(WORK ORDER):
Would you please retype, exactly, the lines of the listing below between the line with "Thanks for watching" and the line with "Hi and welcome", inclusive?

(SOURCE DATA):
+---+
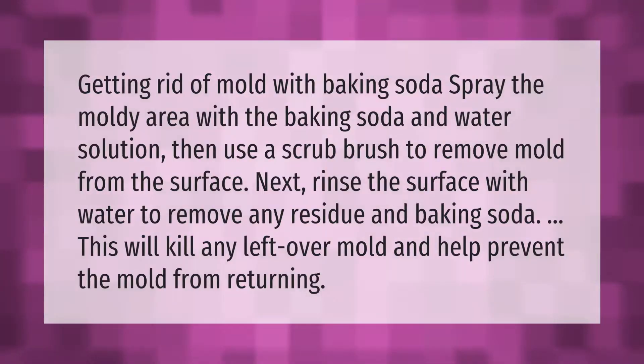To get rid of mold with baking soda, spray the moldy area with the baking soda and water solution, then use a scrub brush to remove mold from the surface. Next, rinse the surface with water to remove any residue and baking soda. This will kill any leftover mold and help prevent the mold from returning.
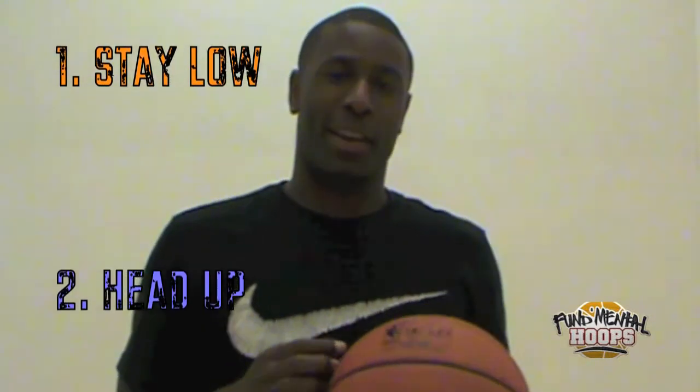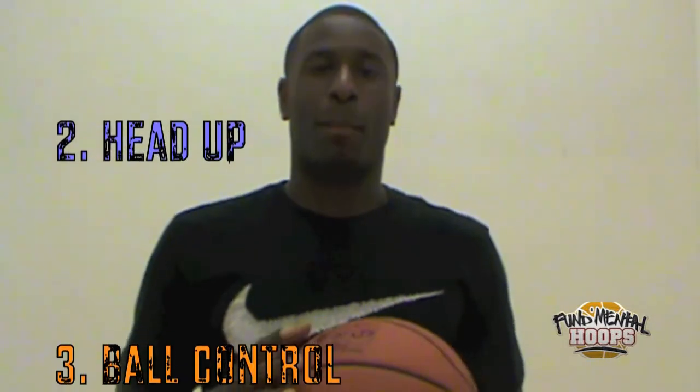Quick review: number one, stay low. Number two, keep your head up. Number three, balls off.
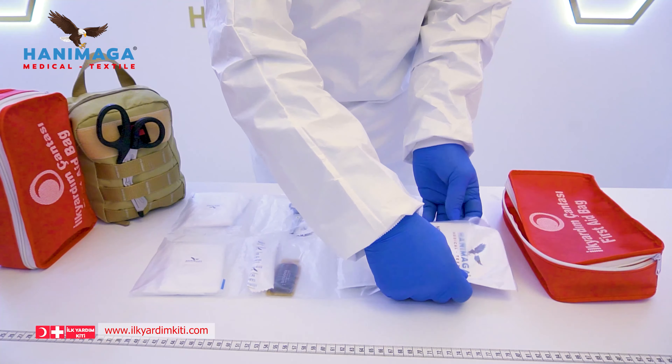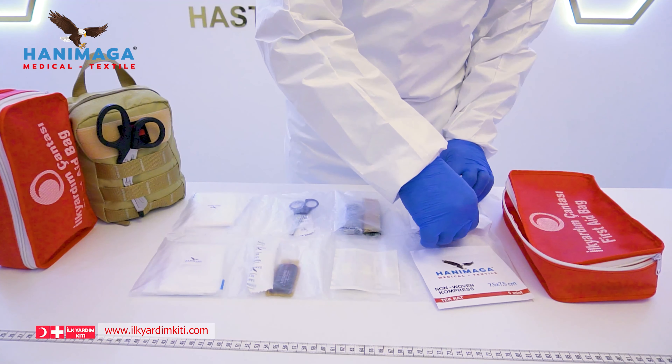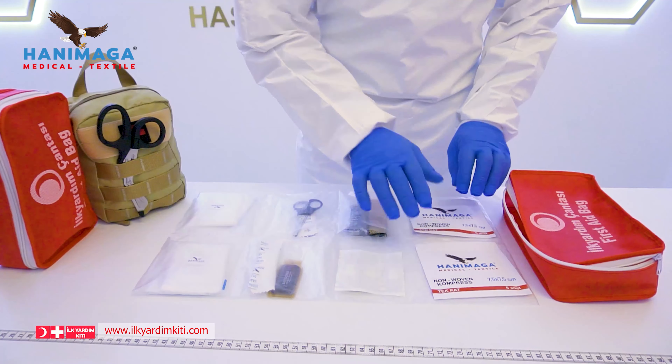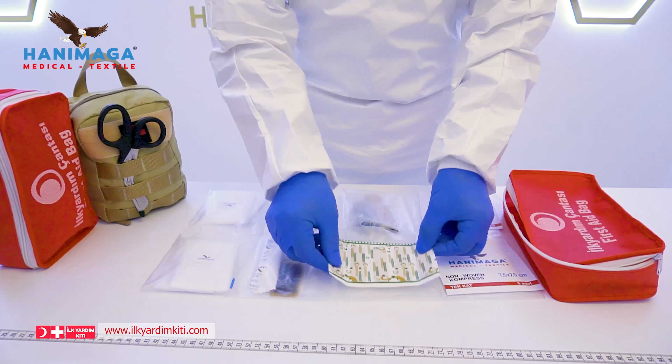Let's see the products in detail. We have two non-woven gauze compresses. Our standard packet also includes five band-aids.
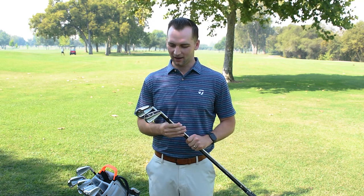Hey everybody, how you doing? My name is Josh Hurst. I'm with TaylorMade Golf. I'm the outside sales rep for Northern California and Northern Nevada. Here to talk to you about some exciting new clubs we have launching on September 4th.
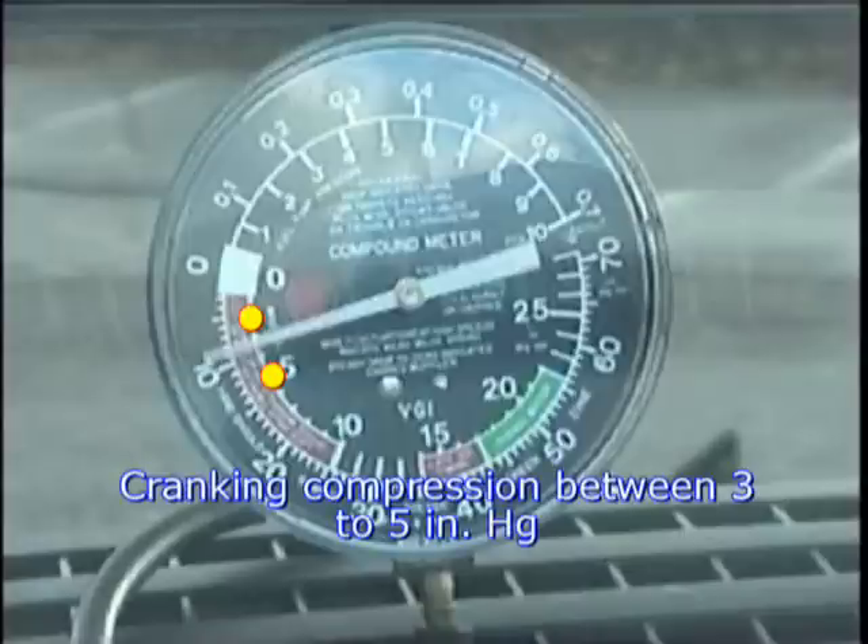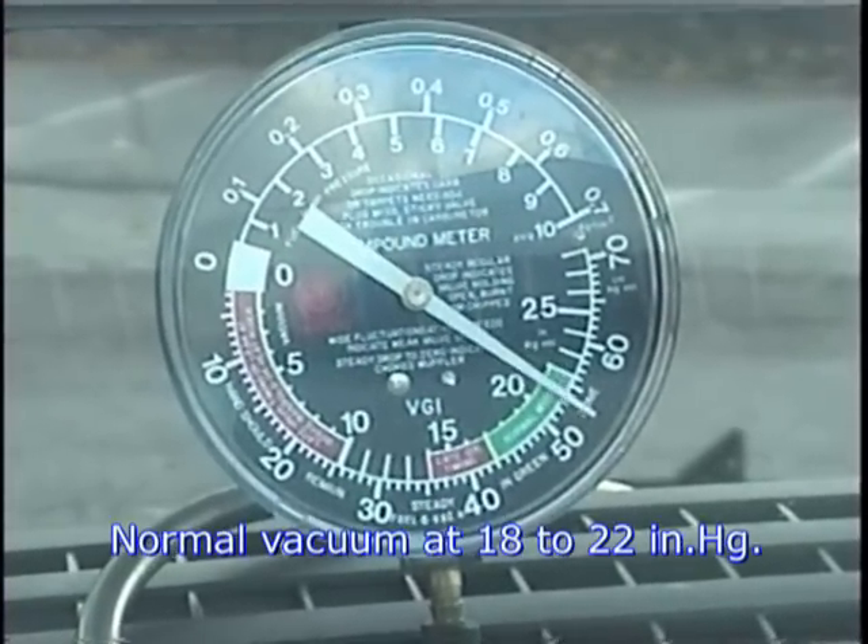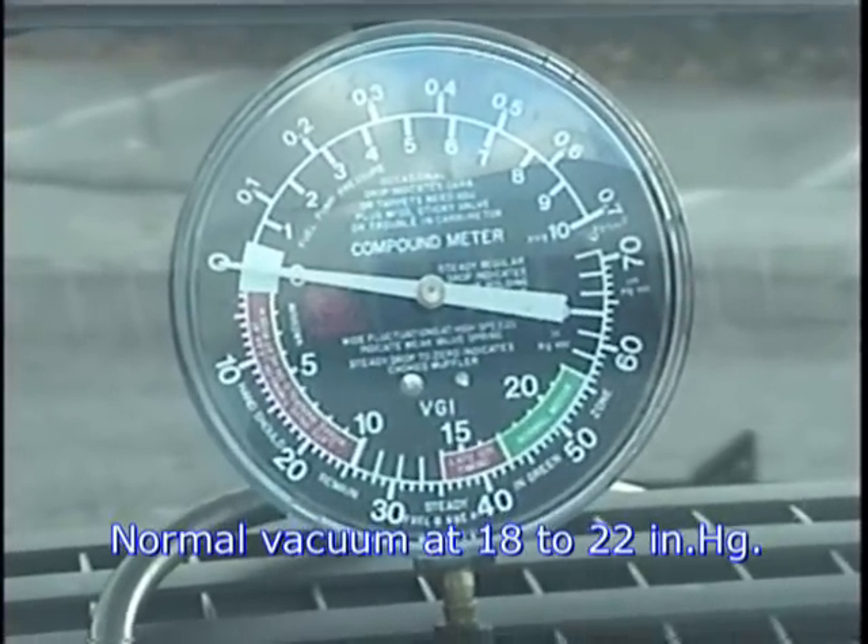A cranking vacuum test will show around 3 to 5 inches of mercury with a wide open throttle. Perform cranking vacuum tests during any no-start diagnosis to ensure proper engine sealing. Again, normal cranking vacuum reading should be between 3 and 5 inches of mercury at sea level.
+---+
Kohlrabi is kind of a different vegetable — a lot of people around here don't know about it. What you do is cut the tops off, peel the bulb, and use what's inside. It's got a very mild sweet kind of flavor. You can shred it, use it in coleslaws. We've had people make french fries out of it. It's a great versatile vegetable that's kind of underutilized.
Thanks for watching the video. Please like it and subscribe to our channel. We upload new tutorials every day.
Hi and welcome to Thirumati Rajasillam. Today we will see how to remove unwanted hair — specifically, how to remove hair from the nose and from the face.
+---+
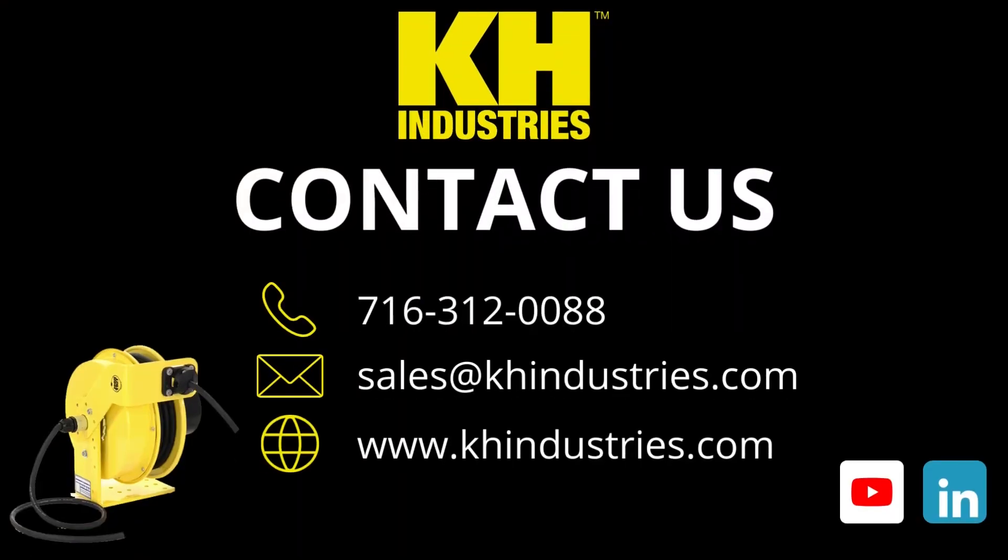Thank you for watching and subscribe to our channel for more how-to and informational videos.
+---+
(SOLVED PROBLEM):
Thanks for watching the video. Please like it and subscribe to our channel. We upload new tutorials every day.
Hi and welcome to Thirumati Rajasillam. Today we will see how to remove unwanted hair — specifically, how to remove hair from the nose and from the face.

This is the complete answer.